Premier League footballer was on aircraft which disappeared over Channel Islands
A PREMIER League footballer was on a light aircraft which went missing over the Channel Islands on Monday night, it has been confirmed.
The plane, a Piper Malibu, was travelling from Nantes, in Brittany, to Cardiff when air traffic controllers lost contact at around 8.30pm near the Casquets Lighthouse, off Alderney. The pilot did not issue a distress call.
Premier League footballer Emiliano Sala was on board, French Air Traffic Control have confirmed. The 28-year-old striker completed an £15 million move from Nantes to Cardiff City on Saturday.
Ken Choo, Cardiff City executive director chief executive, said: 'We were very shocked upon hearing the news that the plane had gone missing. We expected Emiliano to arrive last night into Cardiff and today was due to be his first day with the team.
'Our owner, Tan Sri Vincent Tan, and chairman, Mehmet Dalman, are all very distressed about the situation.
'We made the decision first thing this morning to call off training with the thoughts of the squad, management staff and the entire Club with Emiliano and the pilot.
'All of us at Cardiff City FC would like to thank our fans, and the entire footballing family for their support at this difficult time.
'We continue to pray for positive news.'
The most recent tweet from Mr Sala's account was a picture of him and his former team-mates, captioned 'La ultima ciao', or 'the last goodbye'.
The plane left Nantes at 7.15pm and had been flying at 5,000ft when it contacted Jersey air traffic control requesting descent, Guernsey Police said.
The plane lost contact while at 2,300ft and disappeared off radar near the Casquets lighthouse.
There are reports that distress flares were seen shortly after the plane disappeared from the radar.
Guernsey Coastguard launched a number of search-and-rescue assets including Alderney and Guernsey’s all-weather lifeboats. Two UK Coastguard helicopters and the Channel Islands Air Search plane were also involved in the search which was stood down later in the night. It resumed again on Tuesday morning.

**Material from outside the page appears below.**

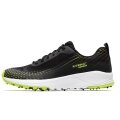 Icebug Winter-Trail-Laufschuhe NewRun BUGrip - mit 17 dynamischen Hartmetall-Spikes - schwarz/lime Damen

Conditions were treacherous during the search with rough seas, heavy rain and gusts forecast to reach up to gale-force eight.
HM Coastguard said the incident was not in the UK search and rescue area, although it had sent two helicopters to help.
John Fitzgerald, chief executive of the Channel Islands Air Search, said: 'We were called out by Guernsey Coastguard at 8.30pm, just as the aircraft had dropped off the radar and we were over Alderney by about 9pm,’ he said.
'We stayed there until midnight before we flew back to Guernsey to change over the crew and refuel.
'There was about 15 to 20 miles visibility so we could see quite a lot during the first search but the lifeboats found it quite difficult. That area is always quite rough but from 1,000 feet, we can see straight down. It was not that bad but at about 2 or 3 am wintry showers set in and the search was postponed. We went out again at 8am.’
Mr Fitzgerald added that the plane could have glided for around five or six miles without a working engine.
'I am sure something will be found eventually. The plane was flying at 2,000ft when it dropped off the radar so it could have flown for about five or six miles before touching down.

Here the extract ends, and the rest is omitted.